Even if they don’t suffer a direct hit, they can still affect each other gravitationally, so astronomers still categorize this as a collision. The gravity of one galaxy can pull on the outskirts of the other, drawing off vast streamers of stars and gas, creating long, arcing tidal tails. These are common sights where galaxies congregate.
But if they approach each other slowly enough, and pass closely enough, each cannot overcome the gravity of the other. The physics is complex, but the outcome is inevitable: They merge. Huge forces stir them up, creating discord and mayhem, tossing stars around like leaves in a dust devil. Counterintuitively, perhaps, it’s extremely rare for stars to physically collide, again because they are small and the distances vast.
But nebulae, gas clouds, can be dozens or even hundreds of light years wide, and collisions between them in mergers are common. This can collapse the clouds, sparking furious starbirth. Colliding galaxies are fecund, and we poetically call them starburst galaxies.
NGC 3256 is all this. Some half billion years ago, two spiral galaxies approached each other. Perhaps they missed on the first pass, only to slow, reverse course, and drag each other back. Chaos ensued, with visible remnants surviving to today. You can see a tidal tail to the left, and another still suffering turbulent times on the right.

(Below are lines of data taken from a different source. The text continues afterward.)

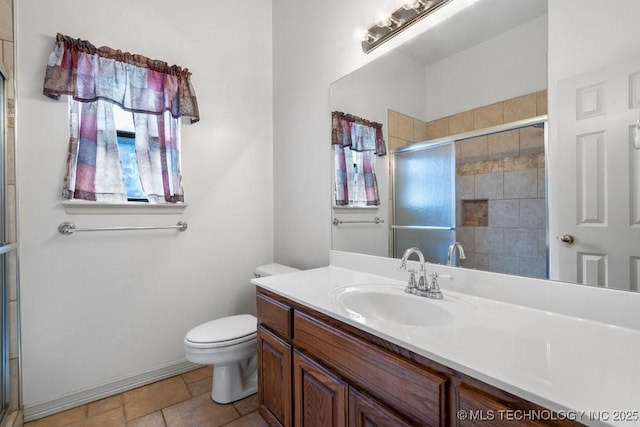 bathroom with tiled shower, vanity, and toilet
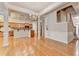 Bright, open-concept living room featuring hardwood floors, a staircase, and a view of the kitchen with a breakfast bar at 1102 Lexington Dr, Roswell, GA 30075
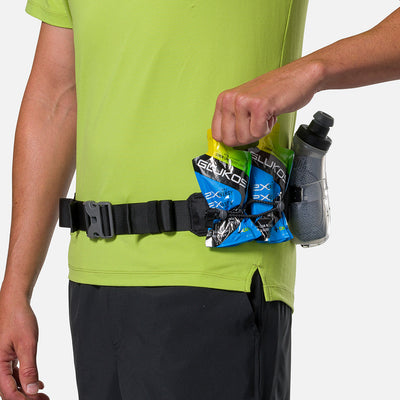 color:Black/Reflective Silver||seo:Nathan TrailMix Plus Insulated Hydration Waist Belt 3.0 - Black/Reflective Silver - Detail View of Elastic Keepers Holding Glukos Energy Gels (Lemon Lime Flavor)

But even out of chaos order can be found. The center of the now single galaxy has patterns in it, arcs of dust sloshing across thousands of light years yet still winding around the center, spiral arms disturbed but still maintaining some structure. Colliding gas clouds are fertile, and NGC 3256 now creates stars at a rate more than 75 times what the Milky Way can muster.
Amazingly, the two major tails have very different stars in them. The one on the left has many stars dated to be about 300 million years old, formed after the collision, no doubt because of it. The fainter tail to the right has mostly older stars, 800 million years or thereabouts, so these already existed in one of the two mated galaxies, and were there to witness the merger firsthand.
We, however, see this joining of two galaxies 400 million years after the primary event, far too late to see them in flagrante delicto, but still soon enough to see the effects. What will this look like 400 million years hence? I suspect the overall spiral structure may remain, though it will take quite some time for calmness to return. Oh, how I’d love to see this galaxy in the eons to come!
But our descendants may yet see something even more spectacular. When you look at NGC 3256, you’re looking at our future. In four billion years or so, the enormous Andromeda galaxy, easily twice our mass, will collide with the Milky Way. The merger will eventually produce something very like NGC 3256, if briefly on the cosmic timescale, until it settles down to become something with more overall order.
Here is a NASA animation showing this future event:
Notice that after the collision, the stars turn red; the huge burst of star formation may deplete the available gas for starbirth, so after a few hundred million years no more stars are created. Massive blue stars use their fuel profligately and die sooner, leaving redder stars behind to light the Universe.
This collision will happen during the Sun’s lifetime; the planets may yet still orbit it when the collision occurs, giving our far-distant children a view that is unparalleled in our experience. They will see wonders in their sky we can only imagine.
… or that we can see for ourselves, if terribly removed, via galaxies like NGC 3256.